Таковая и возникает; ее рождение обрамлено двумя “крупными планами”: “величавой красавицы”, чья “аристократическая ручка” вынимает из “урны” тему о сладострастной царице, и той “некрасивой девушки”, что недавно написала “несколько строк”, а теперь, услышав просьбу “изъяснить” эту тему и заметив “неблагосклонное внимание” соседок, “смутилась” до слез. На этом фоне, ненавязчиво, но ощутимо перекликающемся с двумя прозвучавшими в повести женскими именами — Клеопатры в данной главе и Дездемоны в предыдущей, — и осуществляется интрига текста: выручая некрасивую “Дездемону”, скромную (как, к примеру, Муза у Баратынского: “Красавицей ее не назовут”) девушку, Чарский тему о Клеопатре присваивает себе!
Мало того: в качестве “заказчика” он “изъясняет” этот “предмет” итальянцу, — и тут же предупреждает о “затруднительности” его; словно он, Чарский, — или тот ** из наброска “Мы проводили вечер...”, который “было и начал, да бросил” поэму о египетской царице, или попросту сам автор повести, который трижды (в 1824, 1828 и текущем 1835 году) подступал к этой теме и отступался.
И тогда на Импровизатора нисходит огонь его мгновенного вдохновения, для которого нет “предметов” затруднительных; и все — и безымянный итальянец, и аноним **, и укрывшийся за Чарским автор повести — все они, под эгидой Музы, принявшей теперь облик Клеопатры, сливаются (словно в пушкинском стихотворении о Мицкевиче: “...Когда народы, распри позабыв, / В великую семью соединятся...”) в одну безымянную личность, у которой две ипостаси: одна — натуральное “я”, бессильное перед заколдованным, будто проклятым, “предметом”, и другое “я” — мечтаемое: овладевшее наконец темой и готовое над нею восторжествовать.
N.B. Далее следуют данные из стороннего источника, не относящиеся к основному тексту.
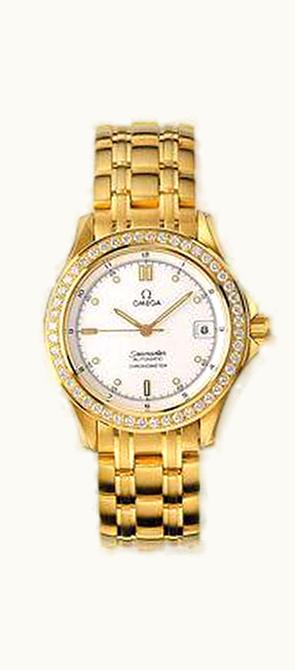 Omega Seamaster 120M Automatic 36.25 Yellow Gold / Diamond / White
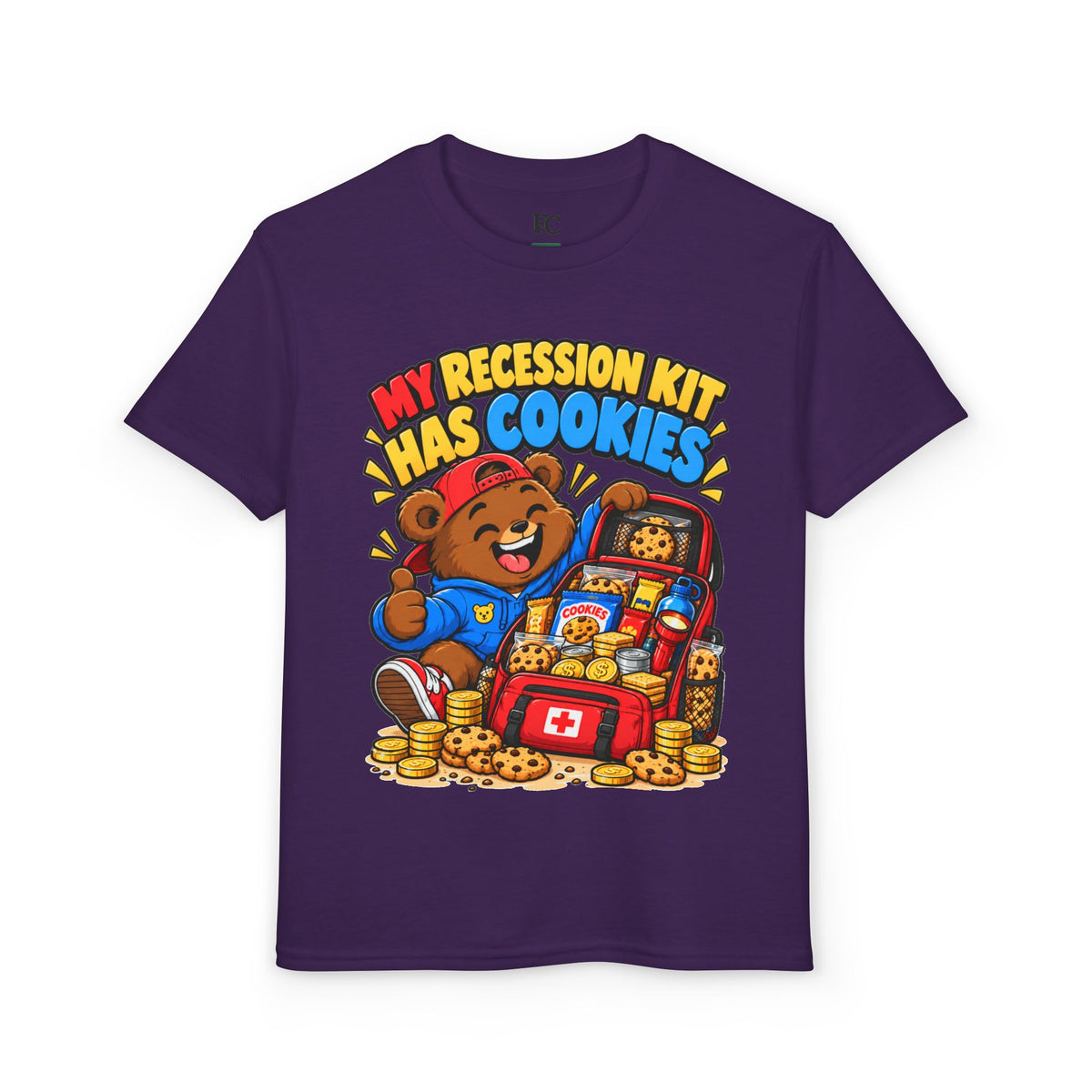 MY RECESSION KIT HAS COOKIES. Youth Tee | Funny Finance Kids Clothing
Так Муза делает в прозе то, что в одном из вариантов стихотворения 1828 года обещала, как уже сказано, Клеопатра своим возможным любовникам:
Внемлите ж мне: могу равенство
Меж вами я восстановить.
И так сюжет повести оказывается исчерпывающе зеркально-обратным по отношению к “сюжету” пушкинского “ответа” Мицкевичу. Стихотворение говорило о непостижимом превращении поэта, “вдохновенного свыше”, в “злобного поэта” — повесть развивается наоборот: от образа сомнительного субъекта, “фигляра”, к образу непостижимого гения.